WORK TO COMPLETE >> Each line from the one containing "Immunohistochemistry-Paraffin: Calbindin D-28K" through the final line of the records is to be repeated exactly, with no additions.

START DATA TO USE

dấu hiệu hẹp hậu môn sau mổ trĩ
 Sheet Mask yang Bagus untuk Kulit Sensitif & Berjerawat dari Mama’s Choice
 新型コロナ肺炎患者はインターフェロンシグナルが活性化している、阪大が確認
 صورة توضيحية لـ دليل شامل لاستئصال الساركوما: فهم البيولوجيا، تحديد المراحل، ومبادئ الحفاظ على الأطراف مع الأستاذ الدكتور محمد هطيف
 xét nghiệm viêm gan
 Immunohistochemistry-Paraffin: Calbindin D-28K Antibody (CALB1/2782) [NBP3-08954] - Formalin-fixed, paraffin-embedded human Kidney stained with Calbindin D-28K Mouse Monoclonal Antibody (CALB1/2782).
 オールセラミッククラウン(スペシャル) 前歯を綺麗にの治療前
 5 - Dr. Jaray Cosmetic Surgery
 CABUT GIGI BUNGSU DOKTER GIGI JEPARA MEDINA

END DATA TO USE

TASK SOLUTION >>
 Immunohistochemistry-Paraffin: Calbindin D-28K Antibody (CALB1/2782) [NBP3-08954] - Formalin-fixed, paraffin-embedded human Kidney stained with Calbindin D-28K Mouse Monoclonal Antibody (CALB1/2782).
 オールセラミッククラウン(スペシャル) 前歯を綺麗にの治療前
 5 - Dr. Jaray Cosmetic Surgery
 CABUT GIGI BUNGSU DOKTER GIGI JEPARA MEDINA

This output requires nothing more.